• _REQUIRED WORK_: The expected response is the complete listing below, restated exactly, with its pictures omitted.

• _DATASET CONTENT_:
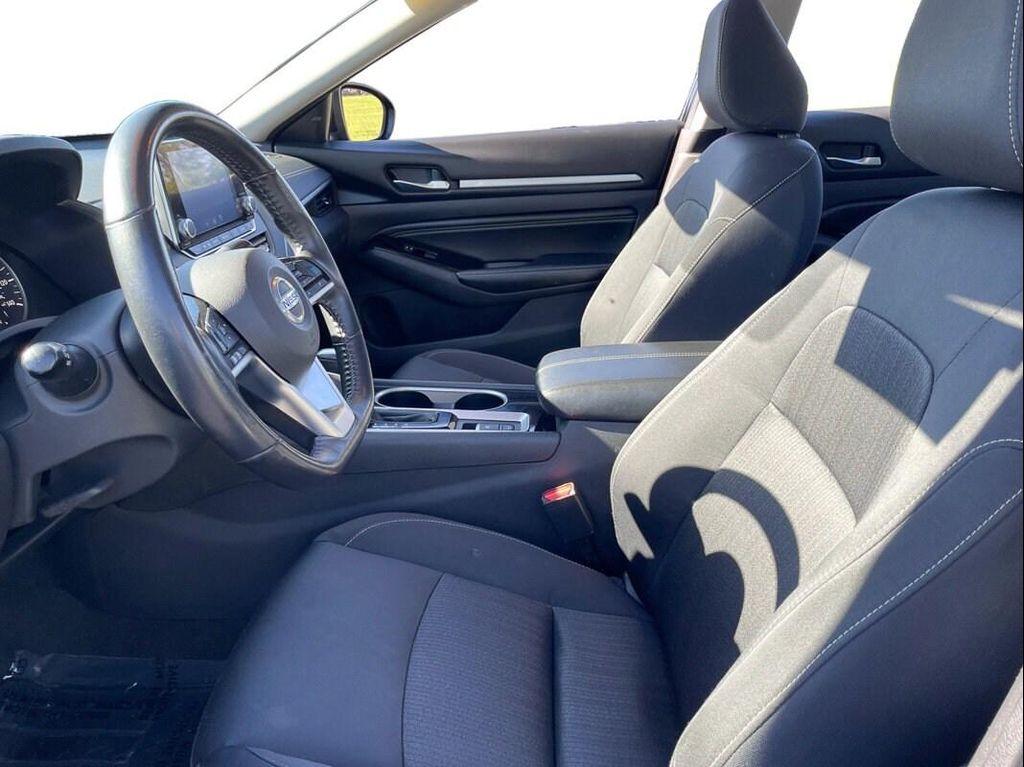 used 2022 Nissan Altima car, priced at $22,488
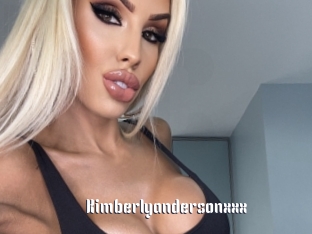 Kimberlyandersonxxx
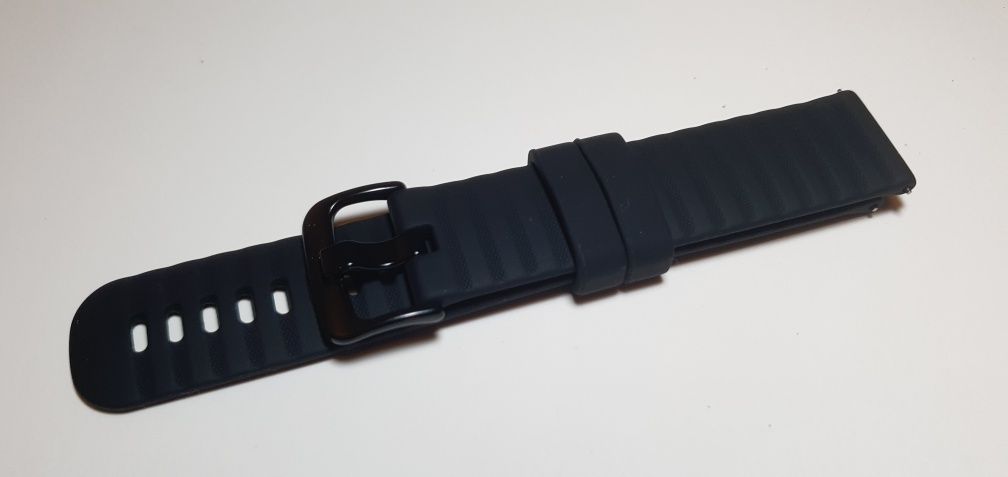 Zestaw 4 nowych pasków do smartwatcha / zegarka (sz. 20 mm)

• _RESULT OF THE EXERCISE_:
 used 2022 Nissan Altima car, priced at $22,488
 Kimberlyandersonxxx
 Zestaw 4 nowych pasków do smartwatcha / zegarka (sz. 20 mm)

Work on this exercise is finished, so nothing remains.